An unofficial American Commission, appointed by President Wilson , toured Palestine and Syria. (The King-Crane Commission).

April, 1920 (Easter Sunday).

Savage attacks were made by Arab rioters in Jerusalem on Jewish lives and property. Five Jews were killed and 211 injured. Order was restored by the intervention of British troops; four Arabs were killed and 21 injured. It was reported by a military commission of inquiry * that the reasons for this trouble were :-

(a) Arab disappointment at the non-fulfillment of the promises of independence which they claimed had been given to them during the war.

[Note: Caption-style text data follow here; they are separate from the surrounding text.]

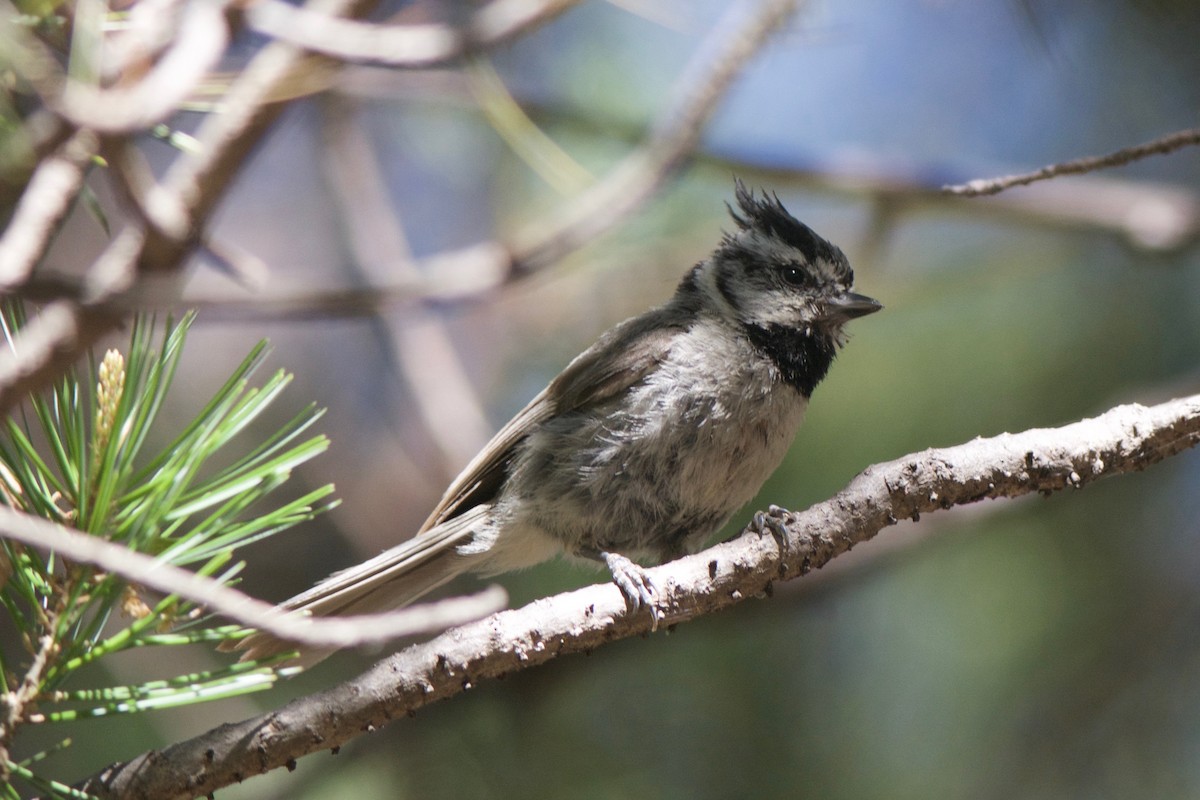 Bridled Titmouse - ML246666291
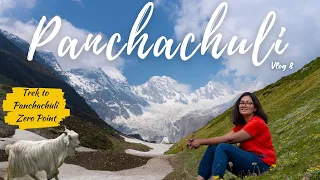 Panchachuli Basecamp | Uttarakhand Himalayas | Vlog 8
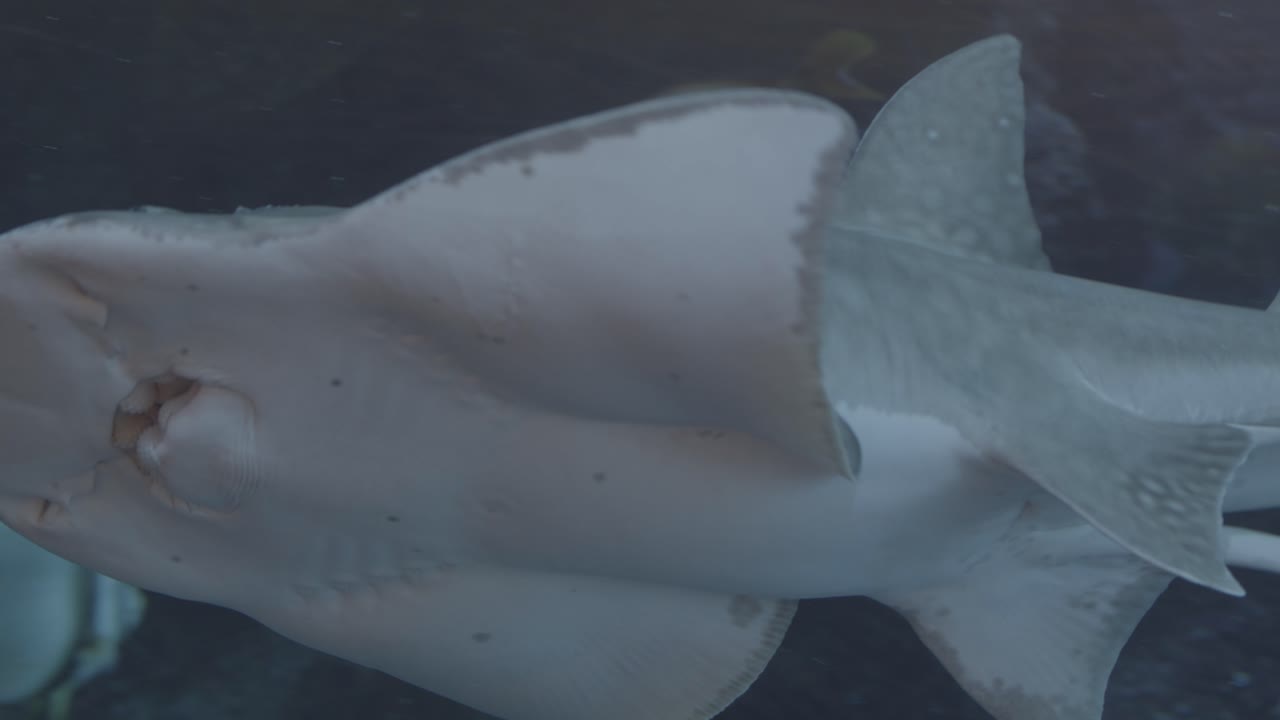 a fish, possibly a type of ray, swimming gracefully in a large aquarium. The water is clear, and the fish’s body is visible, with a background of the aquarium environment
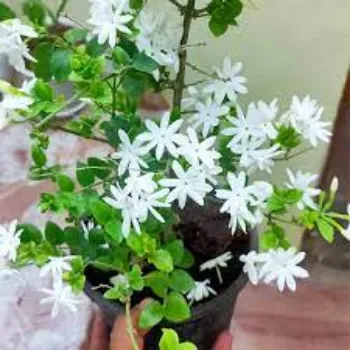 Common Jasmine Plant  Manufacturer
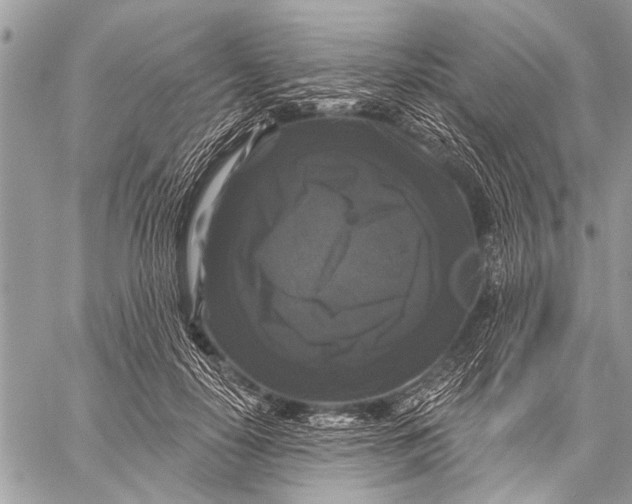 X0000058830650200510171618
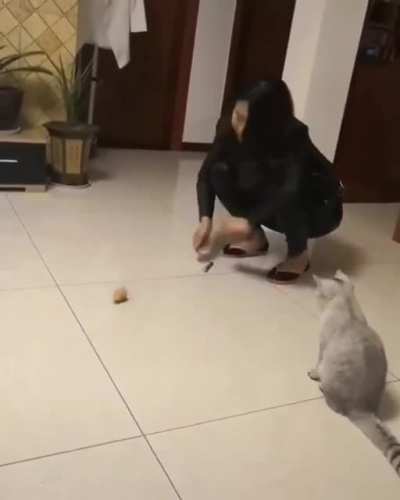 "a anima&ccedil;&atilde;o &eacute; vis&iacute;vel"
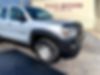 5TEUX42N69Z641034-2009-toyota-tacoma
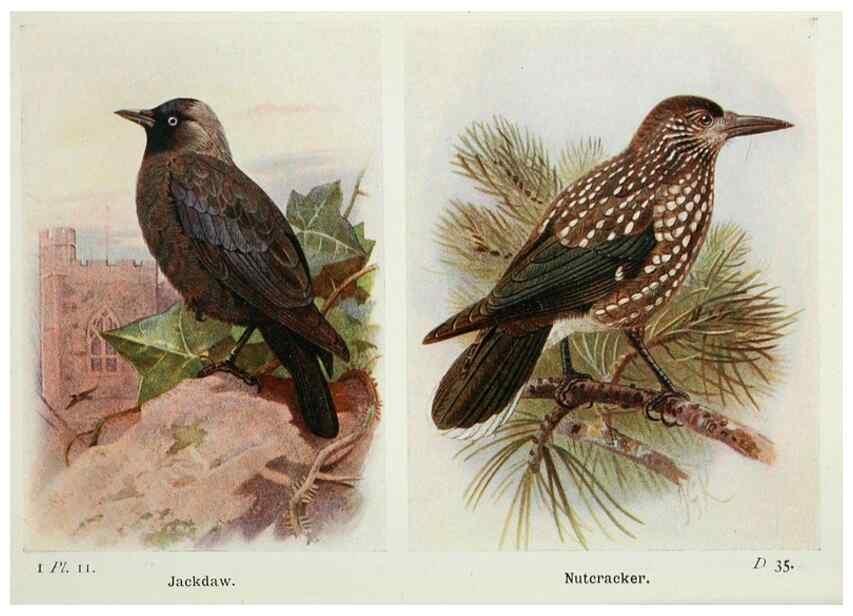 Reproducción/Reproduction 8263763875: The birds of the British Isles and their eggs.. London ;F. Warne,1919.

(b) Arab belief that the Balfour Declaration implied a denial of the right of self-determination and their fear that the establishment of a National Home would mean a great increase in Jewish immigration and would lead to their economic and political subjection to the Jews.

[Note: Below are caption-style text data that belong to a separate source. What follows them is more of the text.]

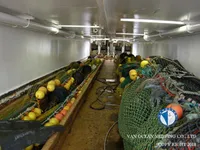 Trawler na sprzedaż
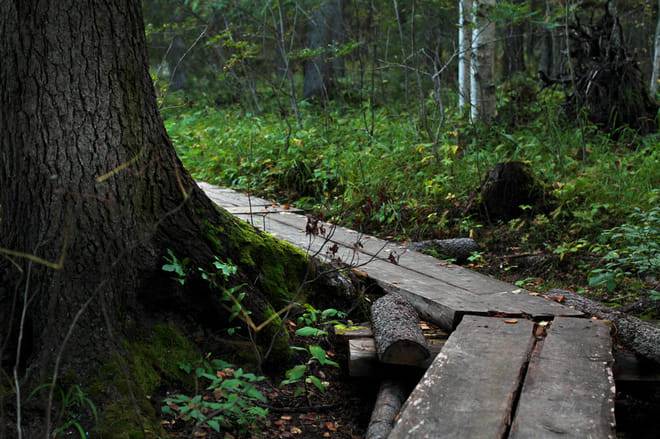 VAATTUKIKONGAS HIKE : the forest trail
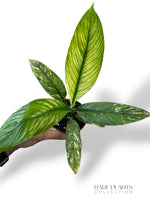 Spathiphyllum Sensation Variegata
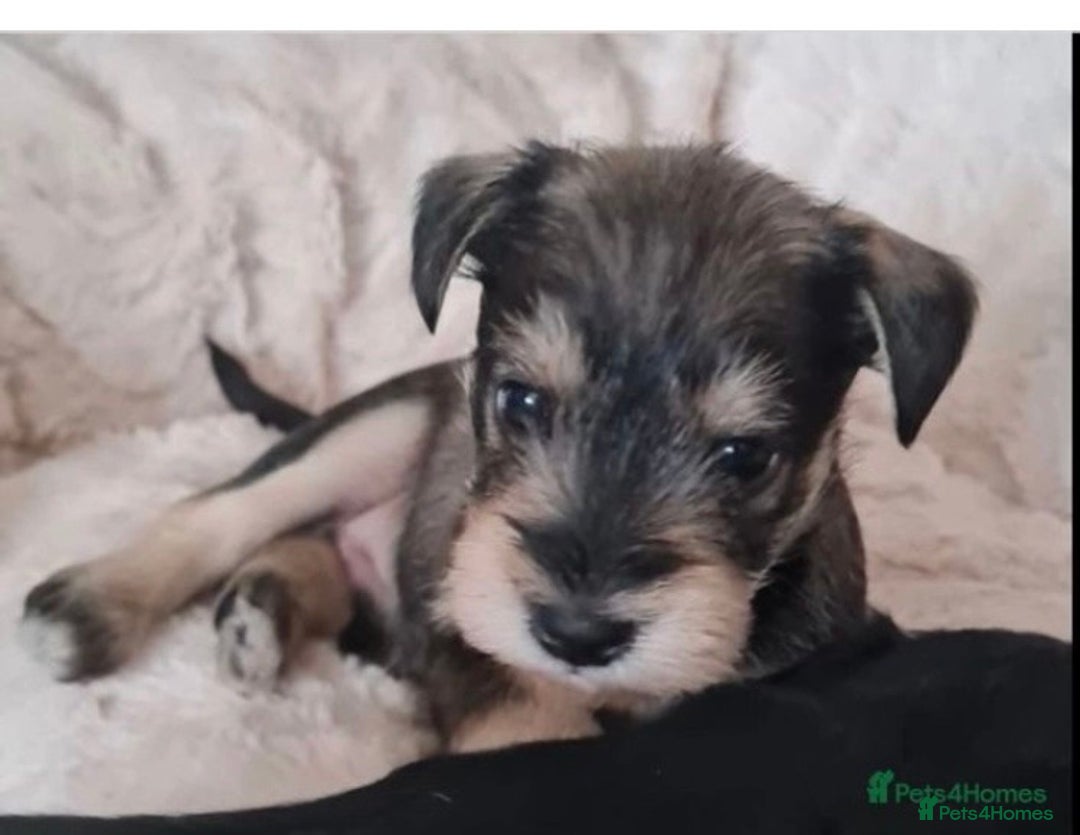 Miniature Schnauzer dogs for stud: KC Reg Choc/White Min Schnauzer MAC +BVA Clear in Coventry - Advert 26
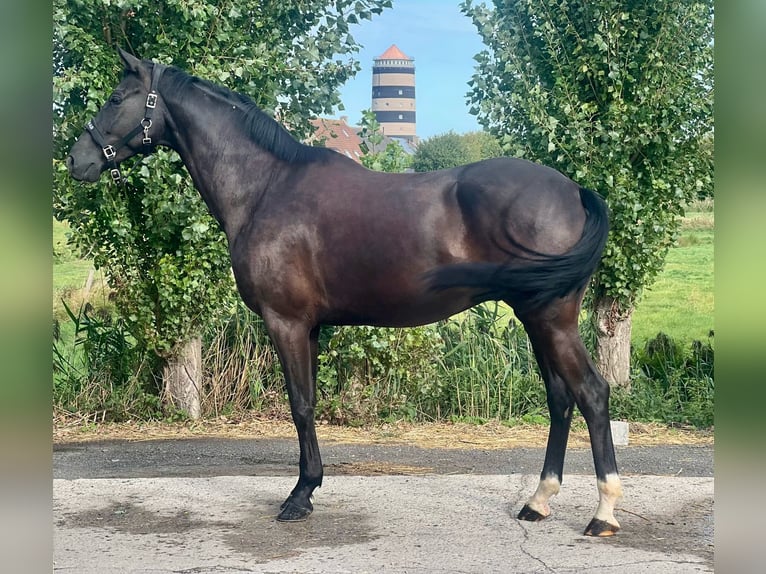 Belgisch Warmbloed Ruin 5 Jaar 171 cm Donkerbruin in GROTE-BROGEL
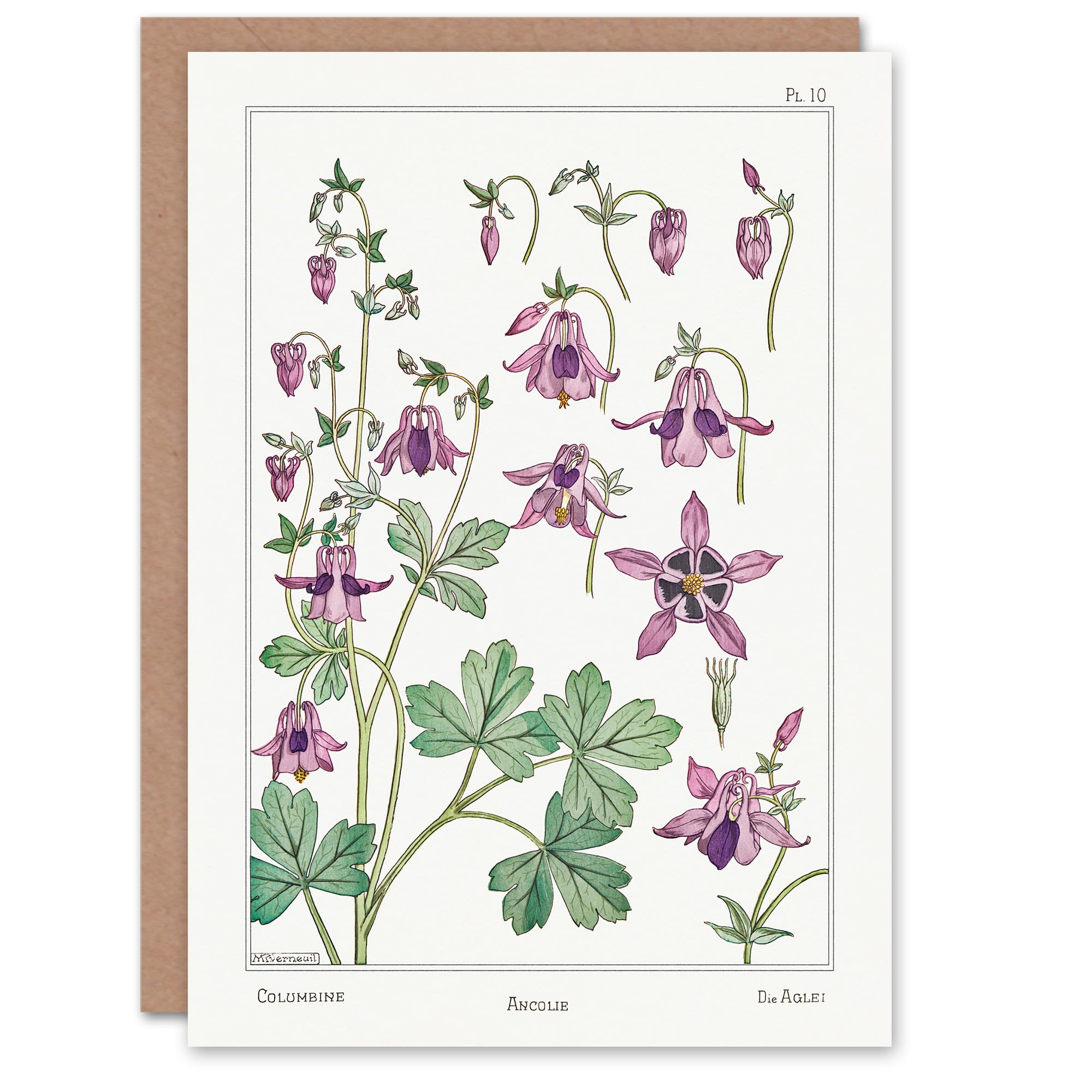 Artery8 Maurice Pillard Verneuil Art Card Columbine Aquilegia Flower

(c) The aggravation of these sentiments on the one hand by propaganda from outside Palestine associated with the proclamation of the Emir Feisal as King of a re-united Syria and with the growth of Pan-Arab and Pan-Moslem ideas, and on the other hand by the activities of the Zionist Commission supported by the resources and influence of Jews throughout the world.

25th April, 1920.

The Mandate for Palestine was allotted to Great Britain by the Supreme Council of the Peace Conference at San Remo.

Period II. 1920-1923. Implementation of the Balfour Declaration, Arab reactions and attempted constitutional development.

1st July, 1920.

The military regime was replaced by a civil administration of a type derived from the Colonial Empire. Sir Herbert Samuel assumed office as High Commissioner. There was a small Executive Council of officials and an Advisory Council consisting of ten officials and ten nominated non-officials of whom four were Moslem Arabs, three Christian Arabs and three Jews. (A council
* Not published.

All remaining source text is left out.